Which Australian player(s) are you most looking forward to watching in action this year, and why?
"There's a lot of young guys coming through in Queensland I'm looking forward to watching, but also watching James Slipper, Karmichael Hunt and Quade Cooper at their new teams with a bit of a point to prove.
"Speaking from my own experience, I made the same move as James when I went from the Reds to the Brumbies, and I really loved the environment in Canberra so I think that Slips, already being an outstanding player, will be coming back so hungry and in a great place to have a real impact.
"All three of those guys have a point to prove and are bouncing back from a bit of adversity but have great pedigree and will be great to watch."

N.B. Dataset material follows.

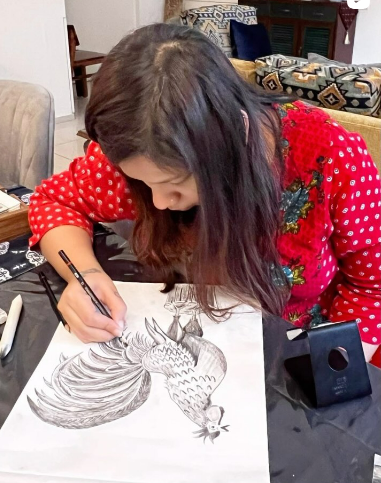 Ritzart by Ritu Sharma | Art & Craft Classes | Nirvana Country Gurgaon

What does serving on the RUPA Board mean to you?
"Being on the Board for seven years, for me the player welfare responsibility is my main motivator. Obviously the game is going through lots of challenges at the moment, but from a player welfare side of things has always been something I am interested in and I deal with a lot of current and former players in my new career.
"I see plenty of guys who've got that transition right, and I also see plenty who've got it wrong, so I think that transition space motivates me and having the opportunity to be at the coalface and help set up the systems and structures to help players survive and thrive.

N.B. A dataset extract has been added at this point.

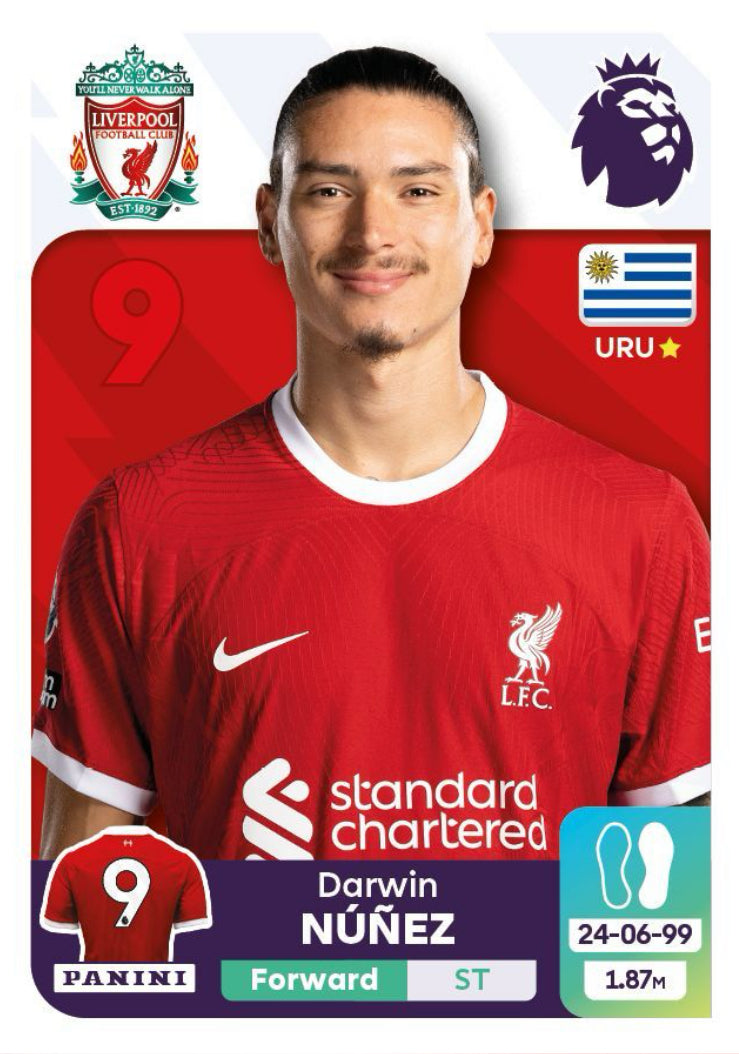 Premier League 2024 - 365 - Darwin Núñez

What do you think is the single most pressing issue facing Australian Rugby heading into 2019?
"To say just one is a challenge in itself, but obviously it is well-documented that there are a lot of things in Australian Rugby, and in Super Rugby as well, that need to be fixed.

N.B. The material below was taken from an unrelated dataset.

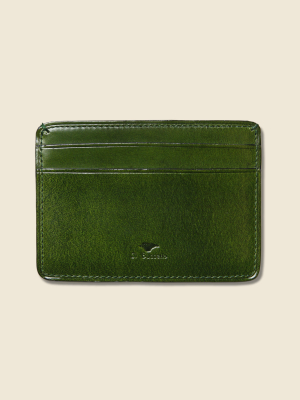 Credit Card Case - Green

"If I had to pick one, the impact on Southern Hemisphere Rugby that comes from the recent private takeover of the English Premiership is going to be really interesting. There's a big treasure chest of money for that competition over there, and those Clubs are going to come hunting relentlessly for our top players, and if the game's not thriving here that combination with a lot of extra money could be pretty enticing.
"If you take those players out of our competition, then Australian Rugby could be in a fair bit of strife, so we need to work out how we'll respond to that."
What is your all-time favourite Australian Rugby memory?
"My favourite memory personally is the 2011 Super Rugby championship I won with the Reds. Coming into the year and knowing I wasn't guaranteed a place in the team, but earning a spot and then winning the title, that ranks at the very top.
"From a spectator perspective, I remember watching the Wallabies' dominant 1999 Rugby World Cup campaign as a kid in Western Australia and looking at the team as a ground-breaking outfit who played a very entertaining brand of footy."